Nous voilà partis en charrette (principal moyen de locomotion sur l’île) avec monsieur l’âne; récalcitrant comme capitaine!
Les bambins rient aux éclats de cette balade cahotique, moi je m’aperçois que laisser une bourrique contrôler mes allées et venues me laisse un brin inconfortable. Cependant, avec Véro, je ne peux qu’éclater de rire. On a vu pire lors d’un précédent séjour en pleine brousse.

Monsieur le directeur nous attend.Un grand homme, élégamment vêtu. Il nous introduit dans une classe de première année.
Marie-Anna et Ella 7 ans ainsi que Stan et Coco 5 ans se pressent sur un banc de bois aux côtés des nouveaux camarades. Ces derniers chuchotent tout en douceur. De la visite au teint pâle ce matin. Notre troupe d’enfants commence à être habituée d’être le point de mire. Ils sourient avec timidité: toujours gagnant comme laissez-passer pour copiner.
La leçon de madame Molly va commencer.
Cette superbe jeune femme au boubou éclatant a bien en mains la situation. Ce matin ils sont 53 sur les bancs d’école de cette classe. Ils ont en moyenne 6 ans. Aucun absent. Impressionnant.

Leçons de lecture & maths
Madame Molly demande qui veut venir au tableau faire la lecture aux camarades. Les enfants lèvent tous la main et leur regard enthousiaste en dit long: « Moi! Moi! »
Une mignonne fillette s’éxécute après un signe approbateur de la professeure.

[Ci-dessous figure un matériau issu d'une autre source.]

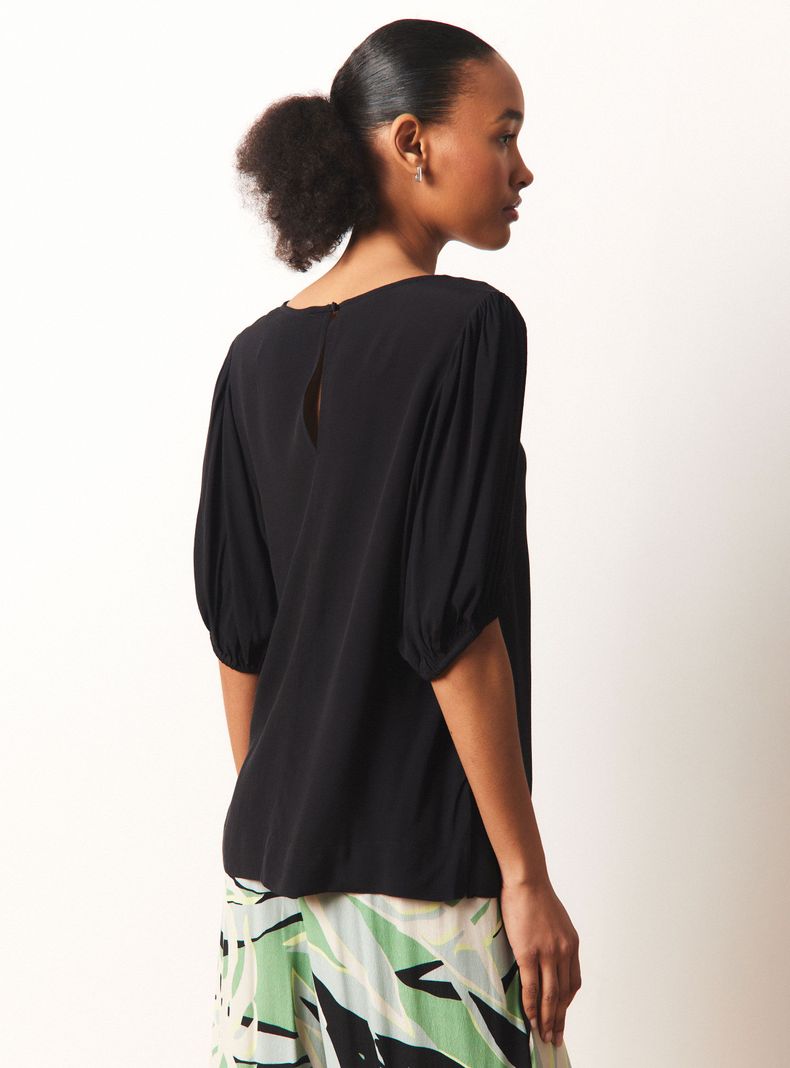 Blusa Básica con Manga Abullonada y Elástico en Puño-1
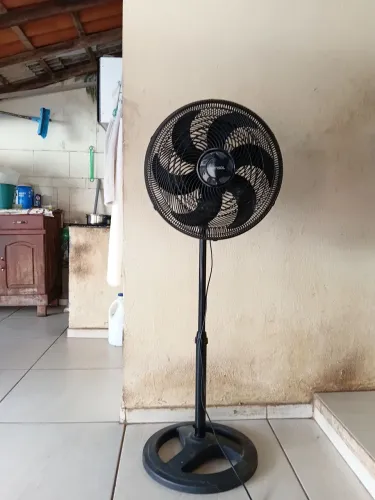 VENTILADOR, TIPO COLUNA 127V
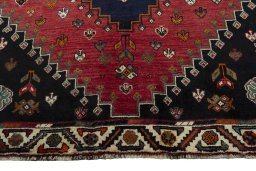 Central medallion detail of 2000s Shiraz rug from Iran / Persia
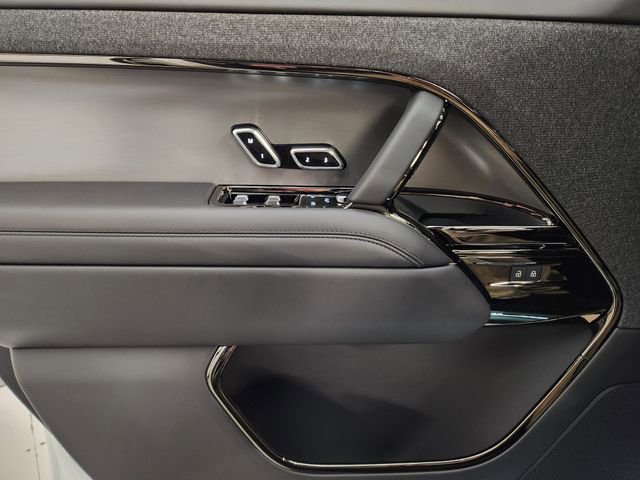 New 2026 Land Rover Range Rover Sport SE AWD/4WD image 23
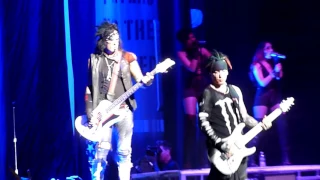 Sixx: A.M. -  Prayers For The Damned - T-Mobile Arena - Las Vegas - 10-28-2016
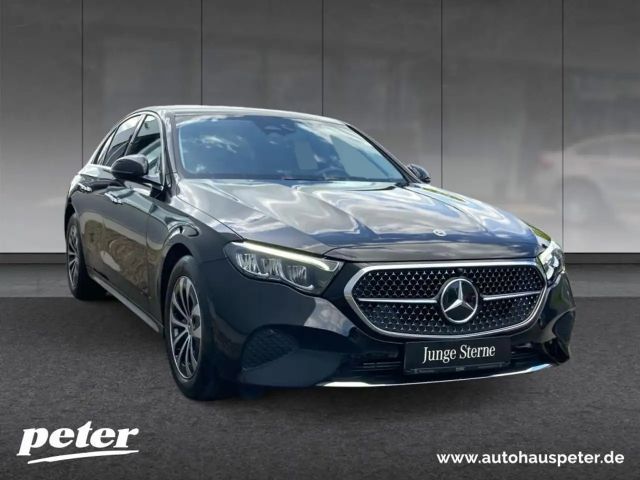 Mercedes-Benz E 220 AVANTGARDE E 220 d Sedan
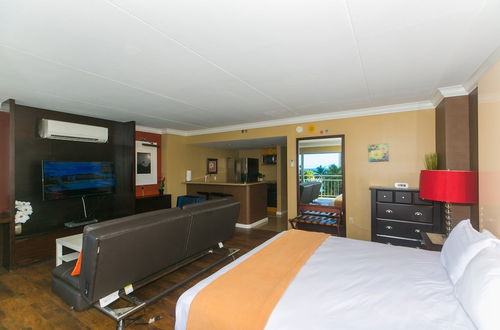 Photo 17 - Spacious One Bedroom Harbor View Condos at Ilikai Marina With Private Balcony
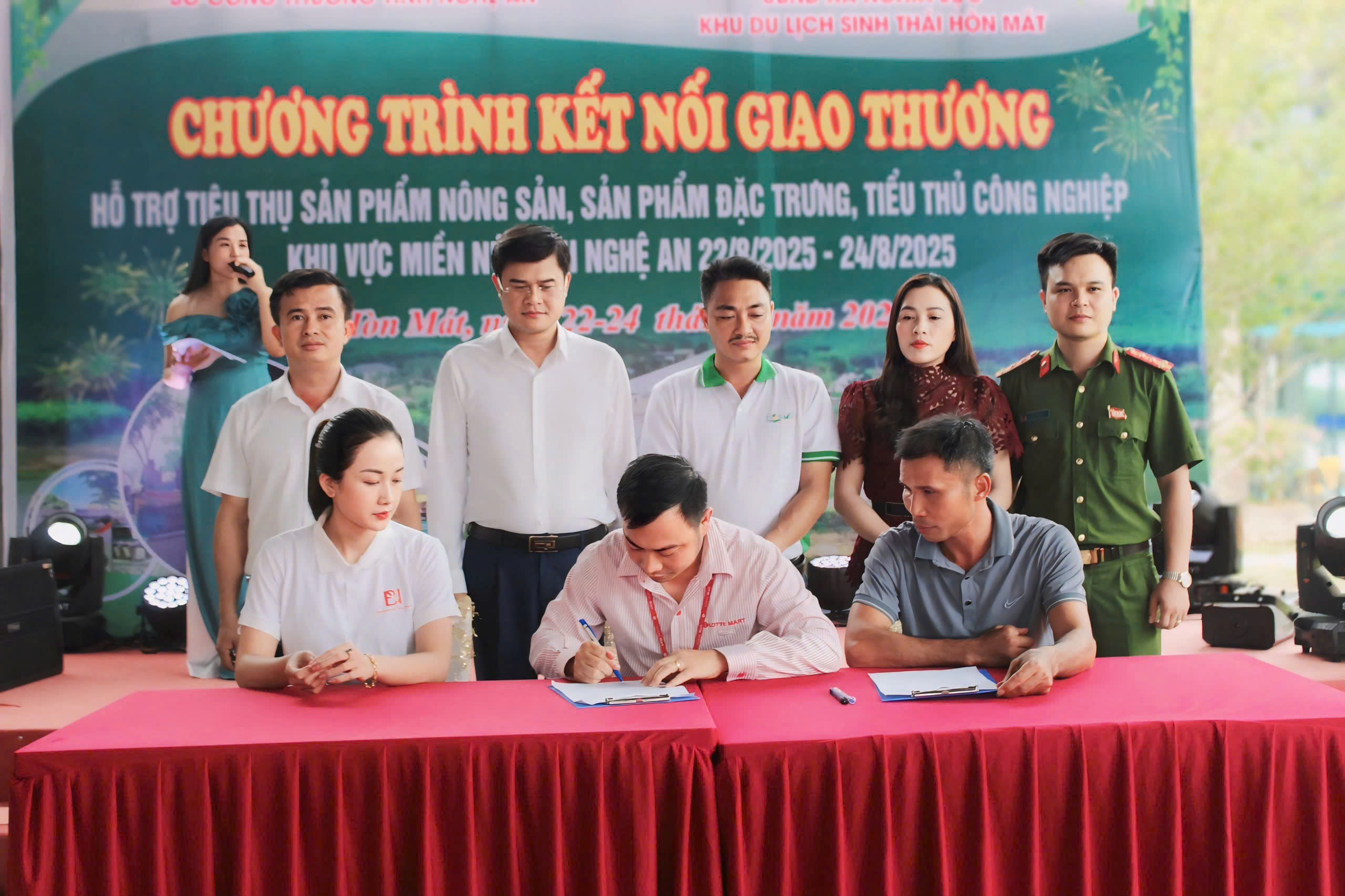 Nghệ An: Kết nối giao thương, hỗ trợ tiêu thụ sản phẩm tại Khu du lịch Hòn Mát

S’ensuit une leçon de mathématiques, on fait des « plus grand » et des « plus petit ». Marie-Anna et Ella accompagnent une écolière studieuse et appliquée.

Alternative aux ressources limitées, les exercices se font sur une ardoise qui sera effacée après à l’aide d’une éponge humide. Un sceau d’eau est disponible en avant de la classe pour les besoins de la cause.

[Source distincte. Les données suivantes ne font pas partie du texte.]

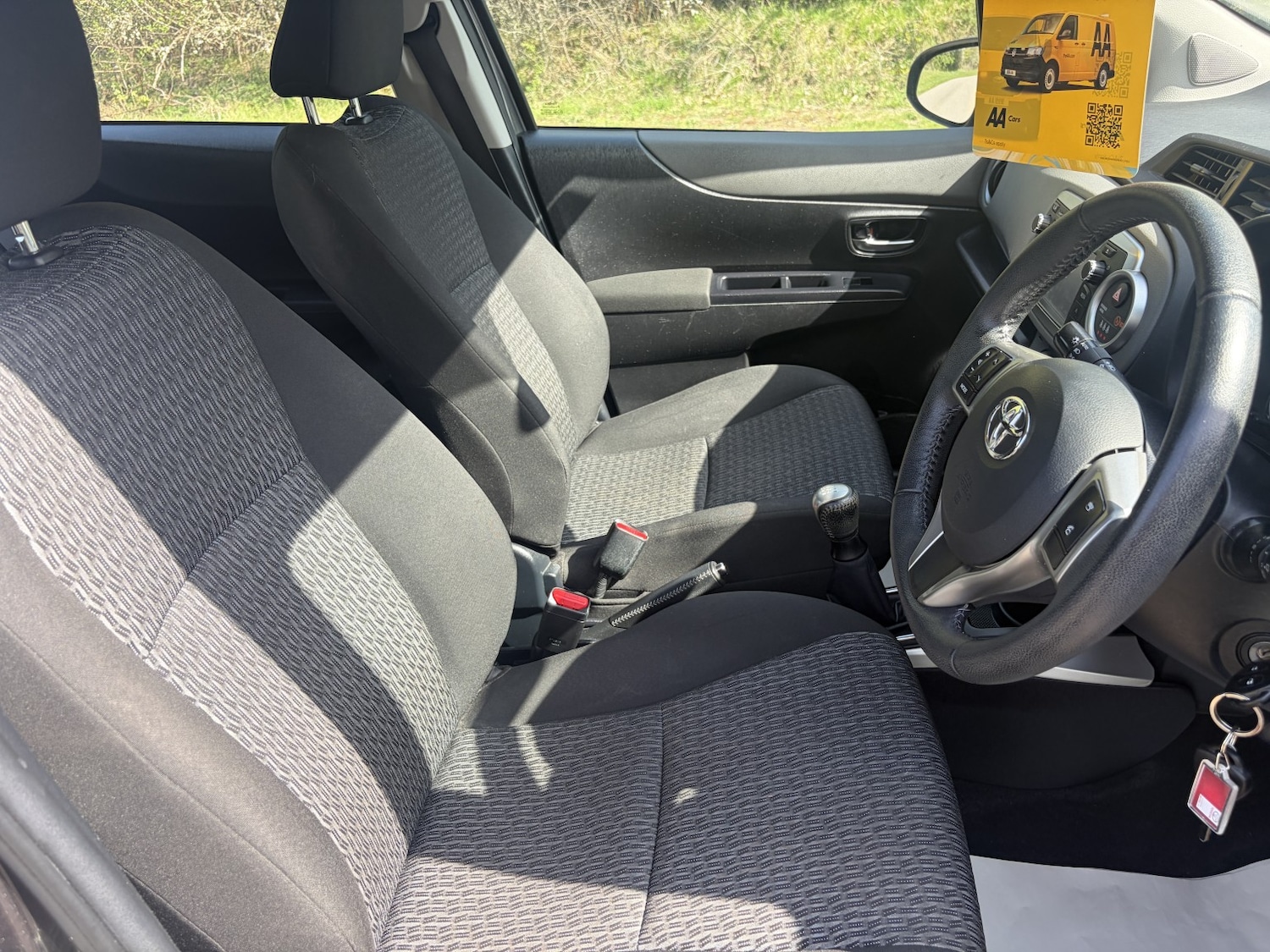 Used Toyota Yaris 2014 for sale - 78176077: Photo 26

Lorsque sonne la récréation, les garçons demandent à prendre une photo avec Coco. Elle consent tout en se perdant dans la marée de sourires.
Avant de partir, nous offrons au directeur du matériel scolaire. Ce dernier, touché, nous remercie et ajoute que la distribution sera adéquate.
-Vous savez les frais de scolarité coûtent l’équivalent d’un euro. Certains parents ne peuvent pas payer. Nous organisons une tombola dans le village pour ramasser la somme nécessaire et aider les enfants qui en ont besoin. ajoute-t-il.
Bien que mes souvenirs de visites dans des écoles d’Afrique de l’Ouest sont bien en vie, je suis émue par le chaleureux accueil réservé à notre ribambelle.

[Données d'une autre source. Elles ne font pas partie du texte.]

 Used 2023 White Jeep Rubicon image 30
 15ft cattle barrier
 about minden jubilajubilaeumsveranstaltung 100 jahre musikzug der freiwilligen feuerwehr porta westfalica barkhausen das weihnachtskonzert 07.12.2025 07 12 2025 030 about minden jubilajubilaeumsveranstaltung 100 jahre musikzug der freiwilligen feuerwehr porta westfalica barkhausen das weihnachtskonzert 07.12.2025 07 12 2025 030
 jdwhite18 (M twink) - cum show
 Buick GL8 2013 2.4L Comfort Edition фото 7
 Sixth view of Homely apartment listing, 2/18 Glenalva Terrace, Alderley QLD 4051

Quels souvenirs garderont mes enfants d’une classe de brousse?
Le soir venu, lors d’un moment de tranquilité, je sens le besoin de reparler de l’expérience avec mes filles. Comment ont-elles vécue cela ? Ont-elles remarqué la décrépitude des meubles ? Les pieds nus de certains enfants? Le matériel scolaire peu abondant?
Je tente de les faire ventiler à l’aide d’une question ouverte sur le sujet…
-Qu’est-ce que vous retenez de l’expérience en classe aujourd’hui les filles?
-Ella, 7 ans: -Wow! t’as vu maman, ils sont bien meilleurs que nous ! Ils savent lire en lettres attachées à 6 ans! Moi je voudrais une classe comme ça!
-Coco, 5 ans: -En plus, ils lèvent la main et veulent tous aller au tableau! Moi, dans ma classe, ce n’est pas comme ça…
À l’unanimité: « C’était super! Est-ce qu’on peut y retourner ? »
Et les murs défraîchis? L’espace restreint pour s’asseoir? La classe bondée ? pensais-je dans mon fort intérieur.
Rien.
Elles n’ont rien évoqué de tout cela.
J’ai alors réalisé que c’est ma vision d’adulte nord américaine qui dénote un biais de comparaison. Volontairement ou non.
Ce qu’elles retiennent? Une expérience géniale. Point. Pas de pitié, de pauvreté ou de « as-tu vu » ? Jamais, elles n’ont d’ailleurs reparlé de notre séjour à Dionewar en ces termes.
Pour elles, c’est différent. Point. Ni mieux, ni pire. Et vraiment cool en plus.
Ce matin là, c’est moi qui ai appris une leçon indélébile à cette école de brousse:
Tous ces enfants, noirs ou blancs, me font réaliser que mon regard d’adulte est trop teinté à mon goût.
Promis, je retiens la leçon. Je vais éclaircir mon regard un peu plus du côté enfant, en délaissant mon filtre analytique. Le plus grand bien, j’en retirerais.
Et vous, que retenez-vous ? Déjà vécu une expérience semblable ?
Signé,
Maman Globe-trotteuse








Tes histoires de voyage et photos sont extraordinaires. Merci de nous partager. En te lisant et observant tes photos j’ai eu la même leçon de vie. C’est une expérience formidable que vous vivez et qui laissera de belles valeurs à tes filles ainsi que remettre les nôtres à la bonne place! Merci encore Caroline!!!
Merci Mélanie, ça me touche que tu prennes de ton temps précieux pour m’écrire ton commentaire. Au plaisir….
En lisant ton article j’ai repensé à ma classe africaine, au Togo, où j’ai été prof volontaire pendant un mois. Je me souviens de toutes les bizarreries des profs, les enfants non-scolarisés qui viennent vendre aux élèves des trucs à manger pendant la récré, le fait de frapper dans les mains au lieu de toquer à la porte, le dynamisme appliqué des enfants, les fenêtres sans vitre à partir de petits trous dans les murs.
Une superbe expérience, absolument pas parfaite, mais très enrichissante.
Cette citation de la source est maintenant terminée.